Wearing contact lenses may alter the bacteria in your eyes

Contact lenses may increase the risk of eye infections by altering the make-up of bacteria living on the eyeball, research has shown. Researchers found the lenses appeared to transfer bugs from the skin to the eye, upsetting the bacterial ecosystem and triggering infections and inflammation. Lead scientist Dr Maria Gloria Dominguez-Bello, from NYU Langone Medical Centre in New York City, said: “Our research clearly shows that putting a foreign object, such as a contact lens, on the eye is not a neutral act.”

These findings should help scientists better understand the long-standing problem of why contact-lens wearers are more prone to eye infections than non-lens wearers.

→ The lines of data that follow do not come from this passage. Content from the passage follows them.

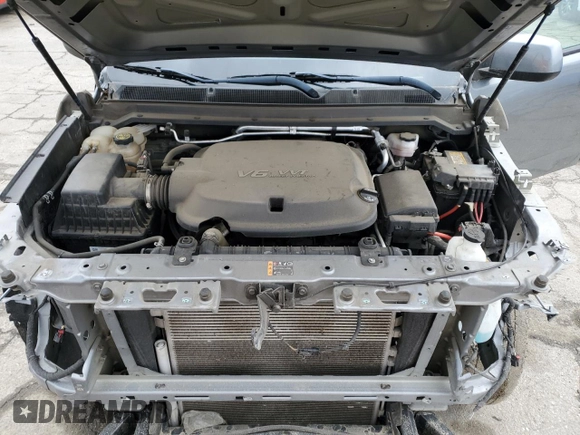2021 Chevrolet Colorado 4WD Work Truck with VIN 1GCGTBEN9M1193206, listed as a Copart auction lot 82098144 with 66,122 mi miles and Salvage title. Bid and sale history available at DreamBid. Image 11.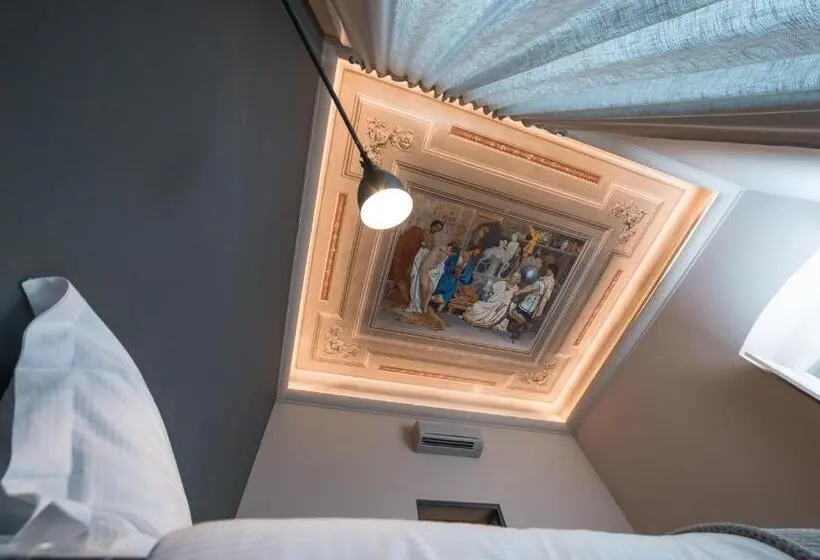 デラックススイート, Villa Riviera Resort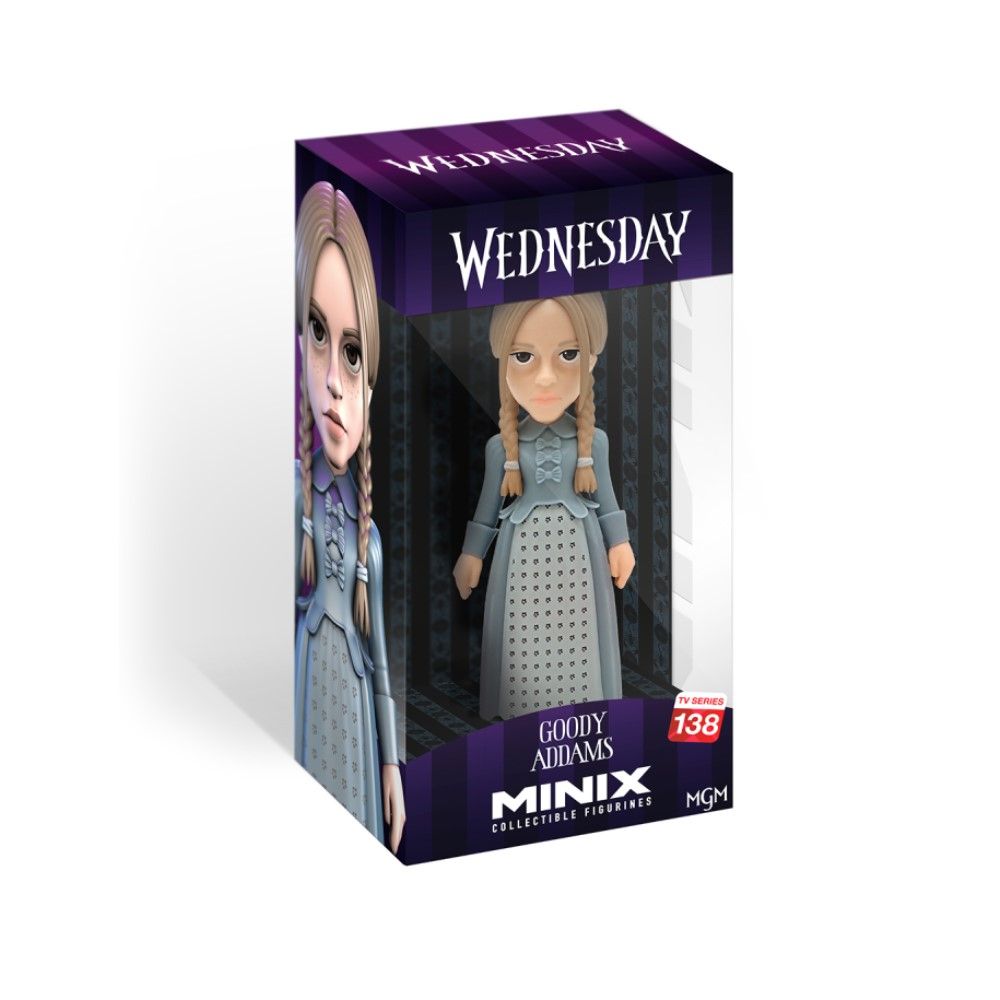 Fig.7cm Wednesday - Goody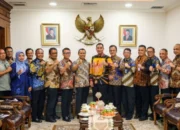 BNN: Sinergi dengan Bareskrim Jadi Kunci Keberhasilan Berantas Narkoba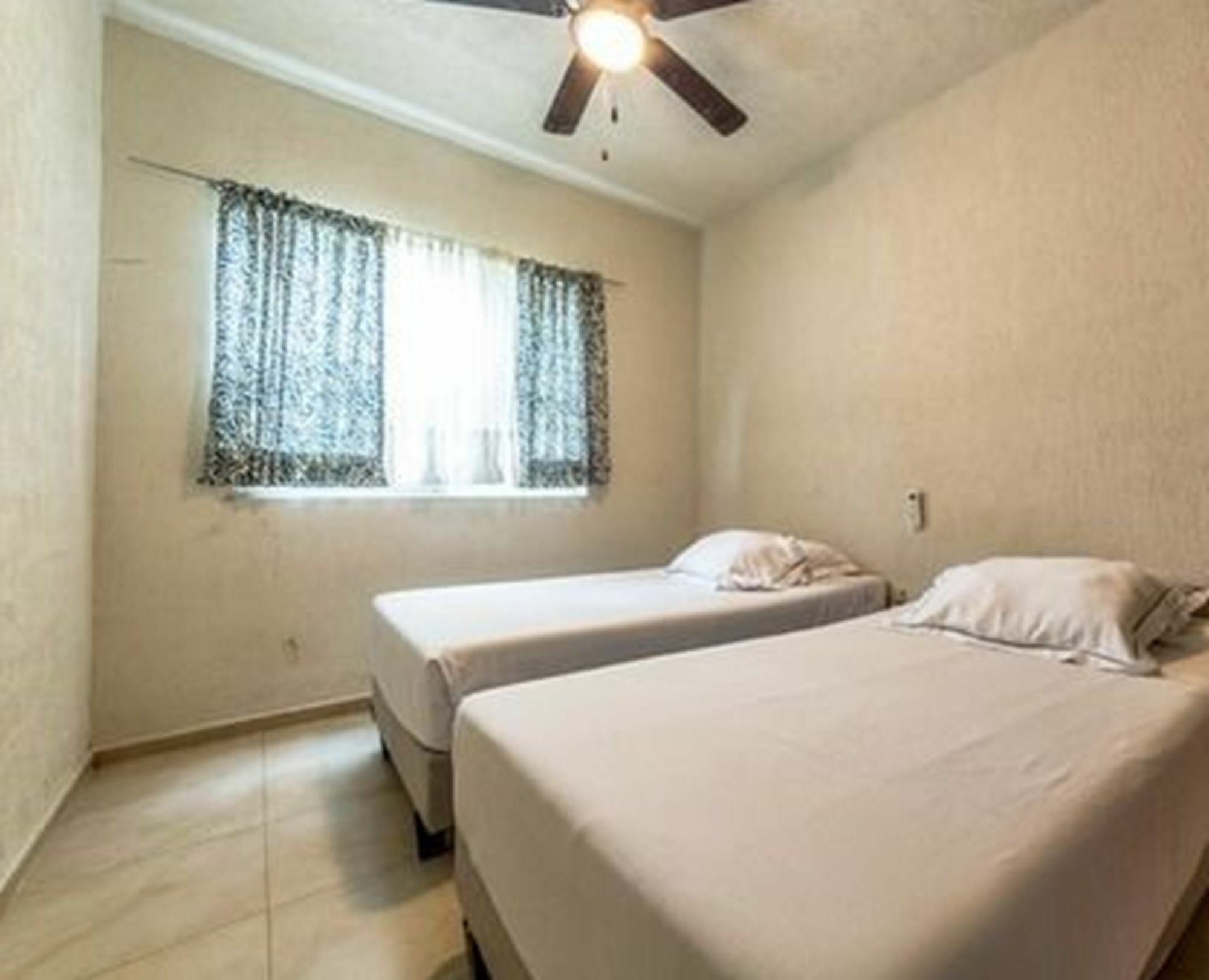 Apartamento Residencial Playa Del Sol 281 By Globalia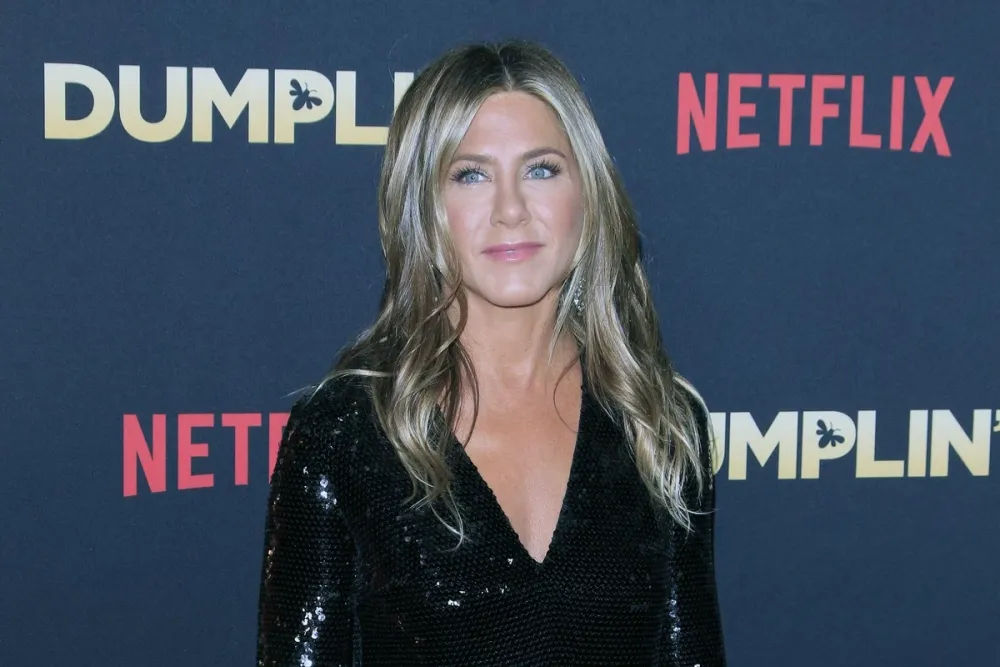 Dženifer Aniston otkrila u čemu je grije&scaron;ila cijelog života: Uni&scaron;tila sam svoje tijelo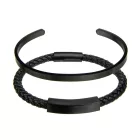 Philipp Blanc női ékszer Karkötő PBS06BB /kampapl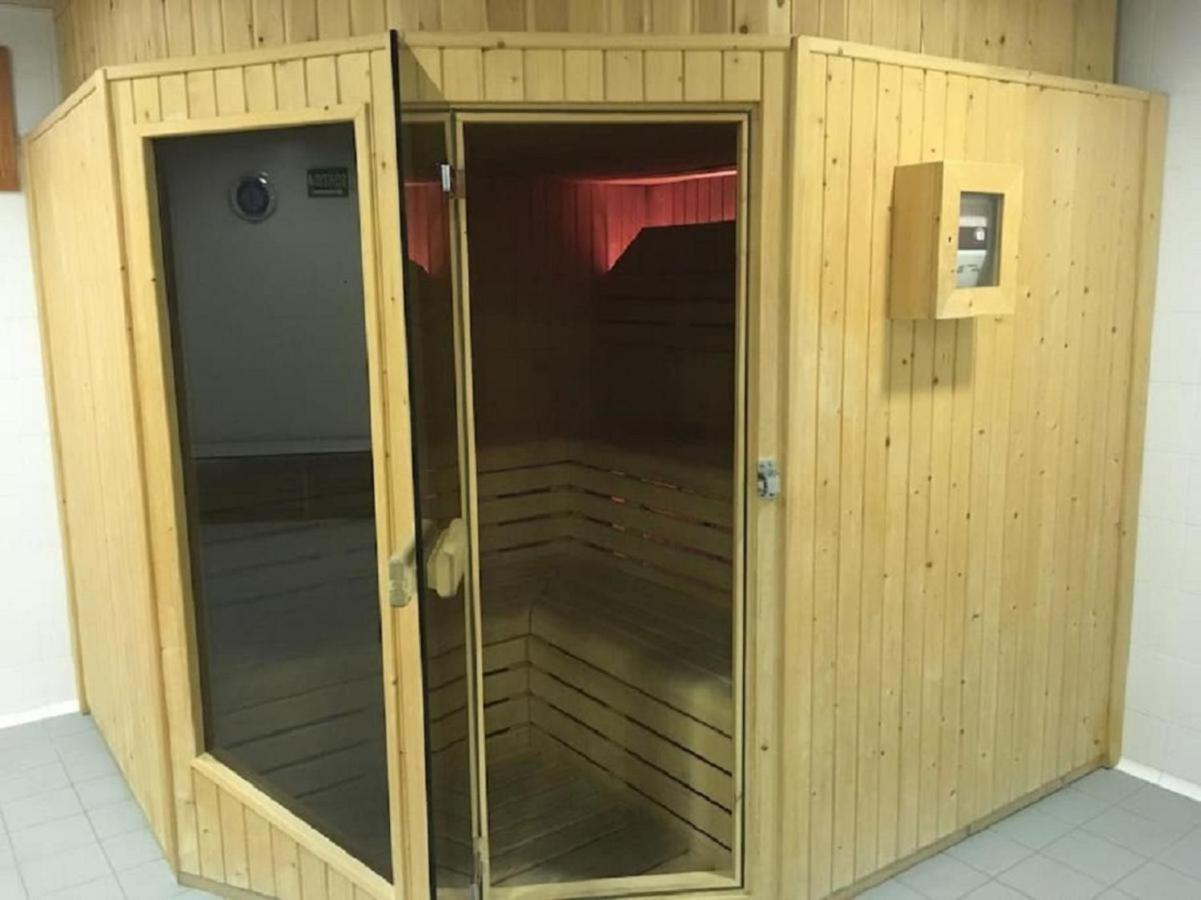 Vielha Centro Estudio Sapporo 外观 照片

Dr Maria Gloria Dominguez-Bello, from NYU Langone Medical Centre

The researchers took hundreds of swabs of various parts of the eyes of nine contact lens wearers and 11 participants who did not wear contact lenses. They found that in both groups the eye surface, or conjunctiva, harboured a more diverse range of bacteria than the skin directly beneath the eye. Three times the usual proportion of three types of bugs, Methylobacterium, Lactobacillus, Acinetobacter and Pseudomonas, were identified on the eyeballs of contact lens wearers. The conjunctival “microbiome”, or microbial ecosystem, of lens wearers turned out to be more like that of the skin than of the eye.

This study suggests that because the offending organisms seem to emanate from the skin, greater attention should be directed to eyelid and hand hygiene to decrease the incidence of this serious occurrence.